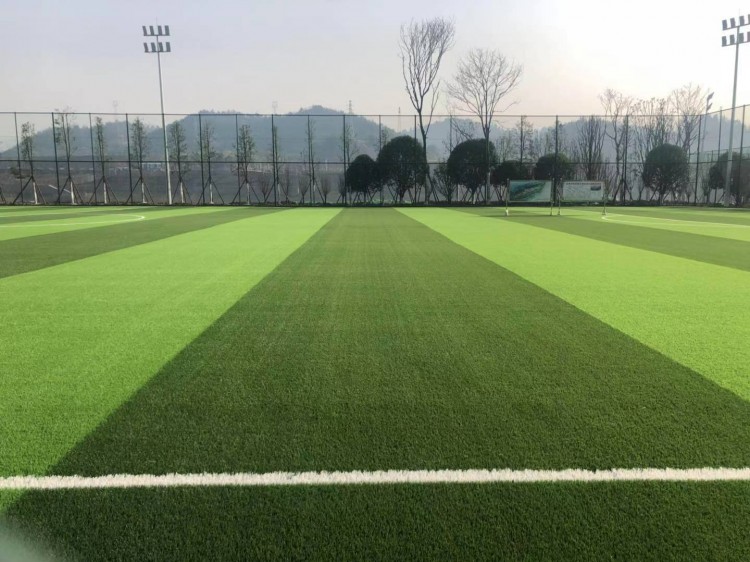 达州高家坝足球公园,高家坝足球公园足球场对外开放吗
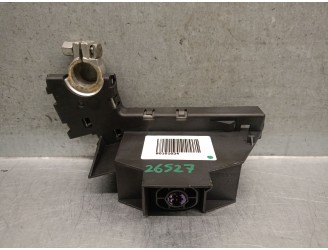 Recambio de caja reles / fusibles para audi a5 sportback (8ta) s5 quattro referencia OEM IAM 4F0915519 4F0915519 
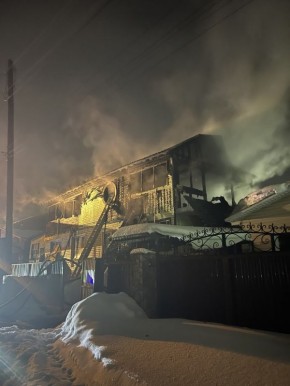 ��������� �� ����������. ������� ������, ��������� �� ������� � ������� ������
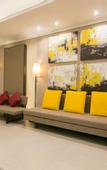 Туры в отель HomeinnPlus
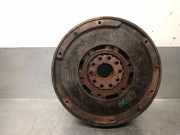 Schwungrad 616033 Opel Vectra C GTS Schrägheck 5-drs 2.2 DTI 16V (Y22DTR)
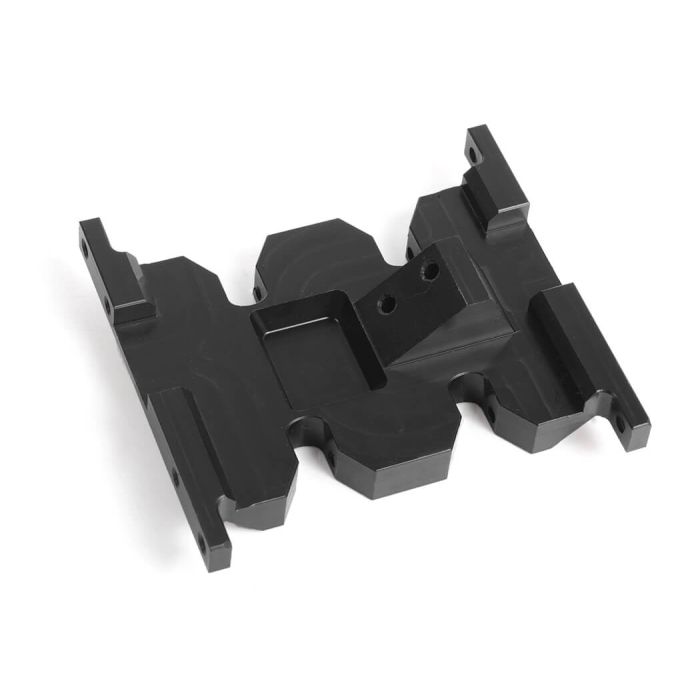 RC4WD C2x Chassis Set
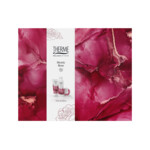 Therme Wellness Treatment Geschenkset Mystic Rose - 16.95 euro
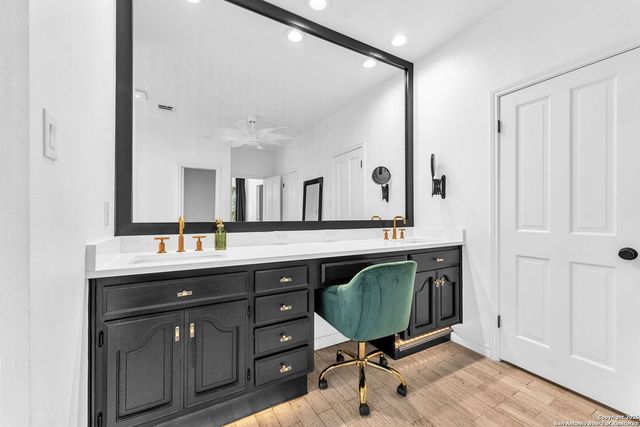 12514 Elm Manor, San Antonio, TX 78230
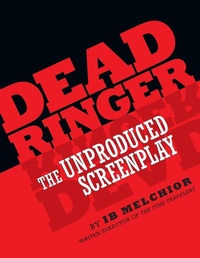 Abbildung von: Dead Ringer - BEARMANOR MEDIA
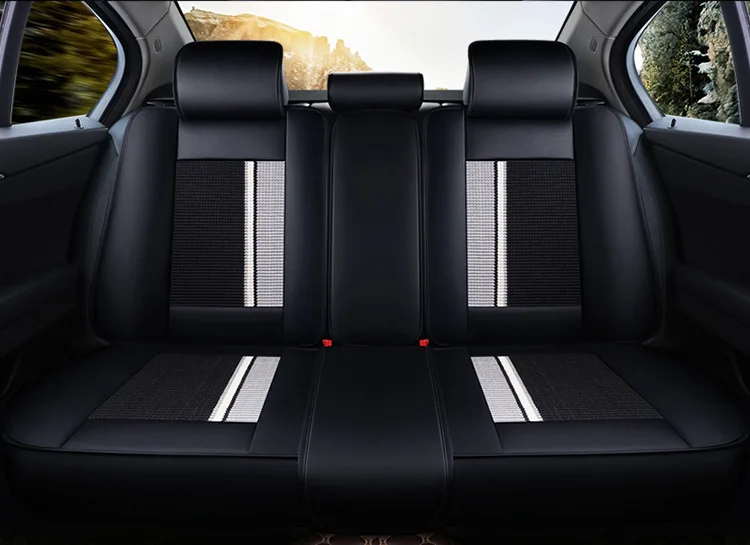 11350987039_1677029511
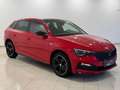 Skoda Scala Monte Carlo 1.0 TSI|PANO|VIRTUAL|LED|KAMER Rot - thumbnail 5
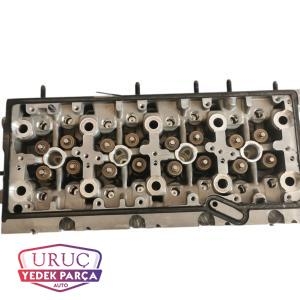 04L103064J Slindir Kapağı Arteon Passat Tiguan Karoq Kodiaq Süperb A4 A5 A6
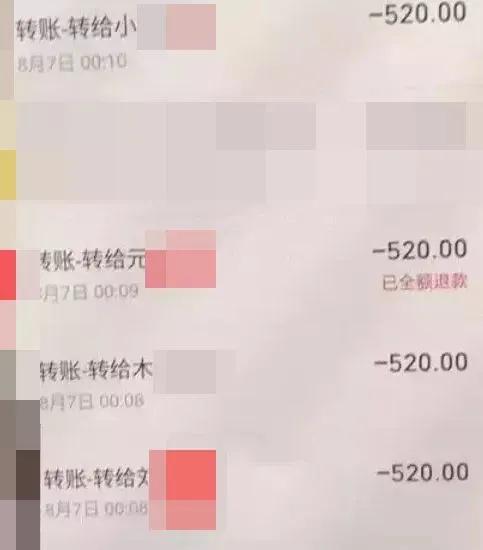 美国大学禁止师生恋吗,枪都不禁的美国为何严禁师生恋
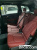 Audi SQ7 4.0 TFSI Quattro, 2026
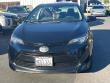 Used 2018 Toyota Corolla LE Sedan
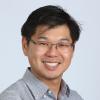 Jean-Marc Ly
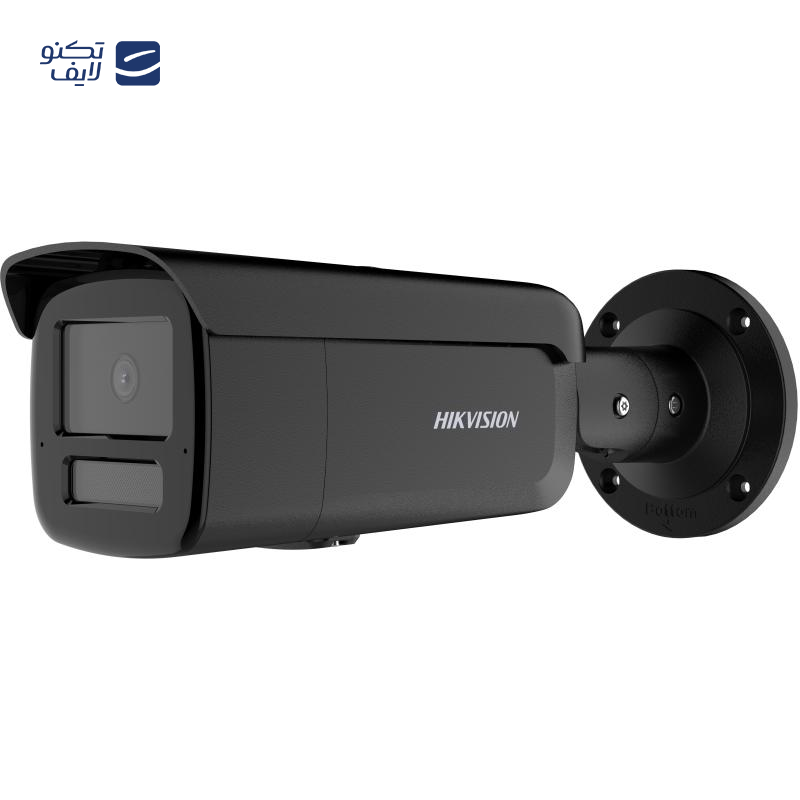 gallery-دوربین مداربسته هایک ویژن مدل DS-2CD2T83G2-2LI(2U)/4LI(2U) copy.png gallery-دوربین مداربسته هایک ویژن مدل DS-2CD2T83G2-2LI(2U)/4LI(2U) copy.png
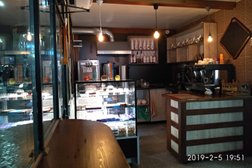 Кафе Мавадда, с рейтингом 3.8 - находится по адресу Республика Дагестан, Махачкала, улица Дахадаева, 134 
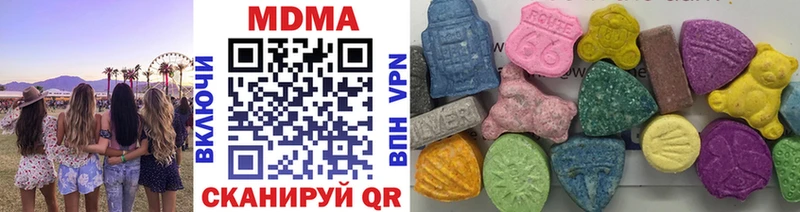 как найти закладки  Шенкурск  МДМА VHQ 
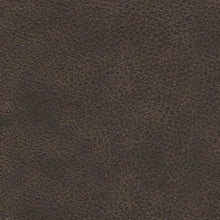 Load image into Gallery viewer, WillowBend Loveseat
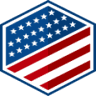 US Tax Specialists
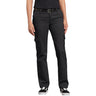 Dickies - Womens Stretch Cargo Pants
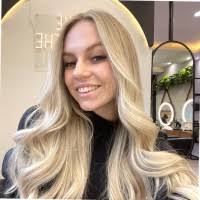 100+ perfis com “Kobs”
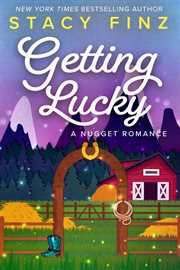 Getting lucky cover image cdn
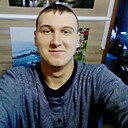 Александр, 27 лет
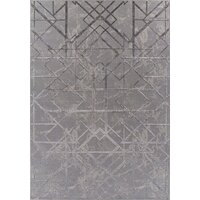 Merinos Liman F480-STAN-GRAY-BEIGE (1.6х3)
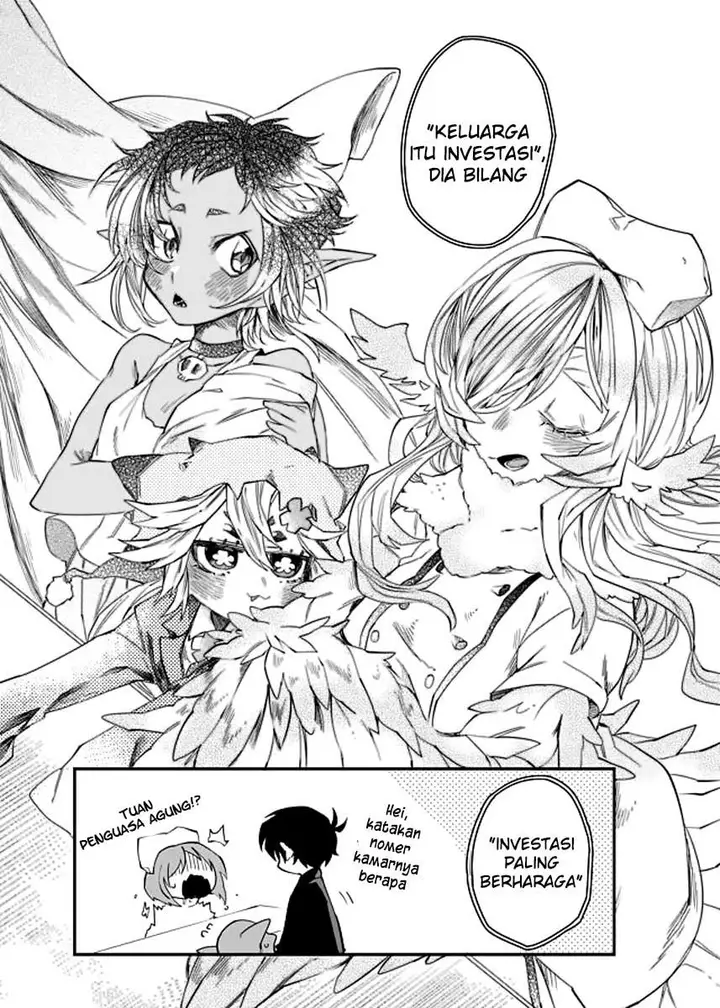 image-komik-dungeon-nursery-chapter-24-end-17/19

> [Work task]:
Out of the records above, set down only the lines from the one that contains "Recambio de caja" through the one that contains "Туры в отель HomeinnPlus", unchanged and without the pictures.

> [Answer]:
 Recambio de caja reles / fusibles para audi a5 sportback (8ta) s5 quattro referencia OEM IAM 4F0915519 4F0915519 
 ��������� �� ����������. ������� ������, ��������� �� ������� � ������� ������
 Туры в отель HomeinnPlus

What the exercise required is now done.